Come dicevamo, l’attacco brutale è uno dei momenti più intensi. Pensiamo a Pantani, alle bordate di Contador e anche a quelle di Fabio Aru. Ma alle spalle c’è un grande lavoro e proprio al sardo chiediamo come allenava questa sua caratteristica.

Lo scatto secco era una delle armi vincenti di Fabio Aru
Lo scatto secco era una delle armi vincenti di Fabio Aru
Fabio, l’esplosività è importantissima per uno scalatore che deve fare la differenza. Come la allenavi?

Ricordo che da dilettante, ma anche da professionista, cercavo la classica salita a tornanti e rilanciavo alla morte o quasi all’uscita di ognuno. Cercavo salite con 10-20 tornanti. E quando non era così, in allenamento si cercava di fare un passo bello sostenuto. Mi sono accorto che quando attaccavo, dovevo davvero spingere forte. Inutile insistere sul medio. Era tutto soglia e fuori soglia.

Che tipologie di lavori facevi?

Lavori brevi e intensi, ma che non fanno solo gli scalatori, magari loro ne fanno un po’ di più. Penso ai 40”-20“, ai 20”-40”, ai 30”-30”. Quando la parte intensa erano i 40”, li facevo a soglia o appena sopra, quando erano i 20” li facevo a tutta.
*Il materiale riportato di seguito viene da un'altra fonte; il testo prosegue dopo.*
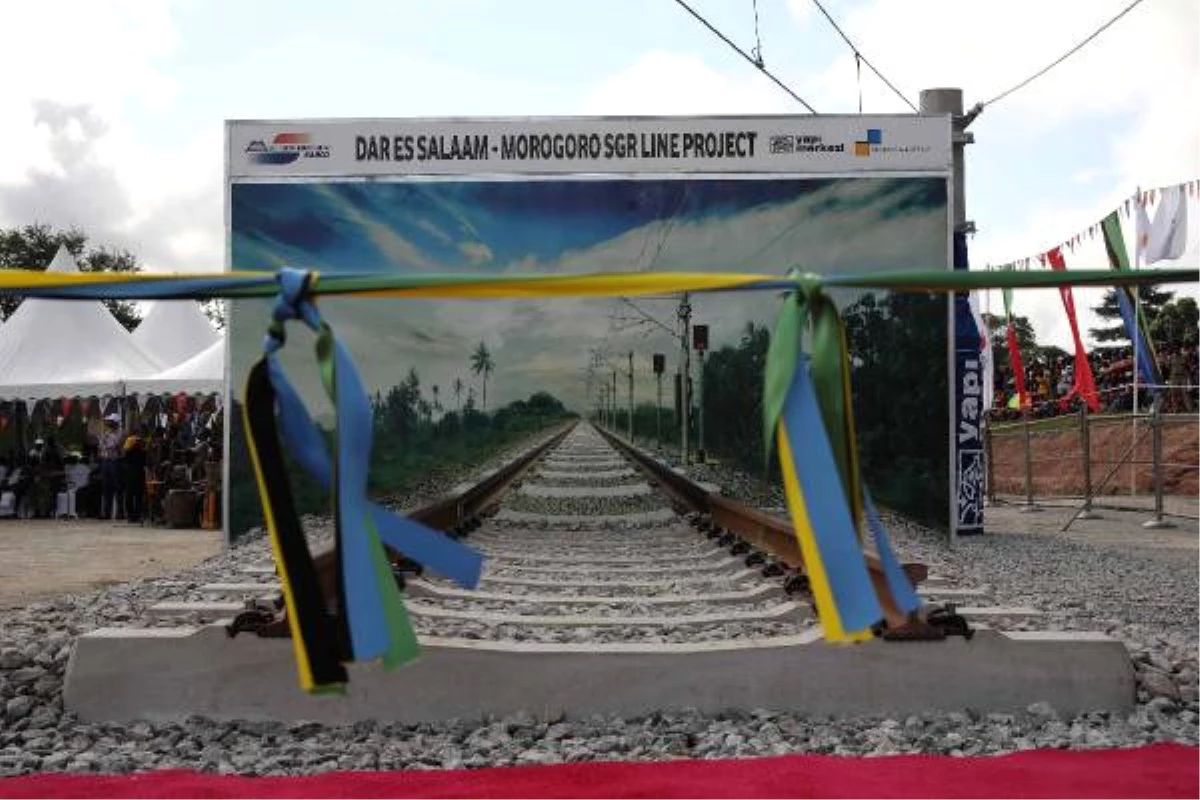 Doğu Afrika\'nın En Hızlı Treni İçin 1.1 Milyar Dolarlık Projenin Temeli Atıldı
E lo stesso metodo, una via di mezzo, valeva per i 30”-30”.

E quante ripetute facevi?

Facevo queste variazioni per dieci minuti, poi man mano che andavo avanti con la condizione, ripetevo i dieci minuti due volte, tre nei periodi più intensi di carico. Ma sono arrivato a farle anche quattro volte.

Per i suoi lavori esplosivi Aru andava alla ricerca di salite con molti tornanti
Per i suoi lavori esplosivi Aru andava alla ricerca di salite con molti tornanti
Come gestivi i 20”-40”, che sono i più esplosivi?
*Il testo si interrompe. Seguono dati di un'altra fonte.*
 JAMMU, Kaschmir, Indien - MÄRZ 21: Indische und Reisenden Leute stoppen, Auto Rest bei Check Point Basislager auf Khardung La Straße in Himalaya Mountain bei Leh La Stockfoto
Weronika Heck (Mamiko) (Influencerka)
I 20 secondi erano davvero fatti forte, pieno fuori soglia. Mentre il recupero, i 40”, erano ad un ritmo più blando. Ma non si trattava di un recupero totale, si andava in quella che per me era la “zona due”, vale a dire sui 300 watt. Ai tempi dell’Astana con Slongo e Mazzoleni abbiamo fatto spesso lavori così.

E i 40”-20”?

I 40 secondi erano fatti poco al di sopra della soglia, mentre i 20 secondi erano un recupero più completo.

E invece la palestra è prevista nel “menu” dello scalatore?

Sì, io ne facevo soprattutto d’inverno. Parecchie ripetute veloci sui 15″-20” a prescindere dall’esercizio, magari con poco peso.

E la facevi anche nel pieno della stagione?

Andavo in palestra soprattutto d’inverno, ma è capitato di riprenderla anche in stagione nel periodo dello stacco estivo. Durante le corse invece non ne facevo.

Contador dava vere fucilate. Soprattutto se c’erano salite pedalabili, era in grado di spingere il 53 come pochi e di procedere poi in agilità
Contador era in grado di spingere il 53 come pochi e di procedere poi in agilità
Nell’arco della settimana quanti lavori specifici facevi per la salita?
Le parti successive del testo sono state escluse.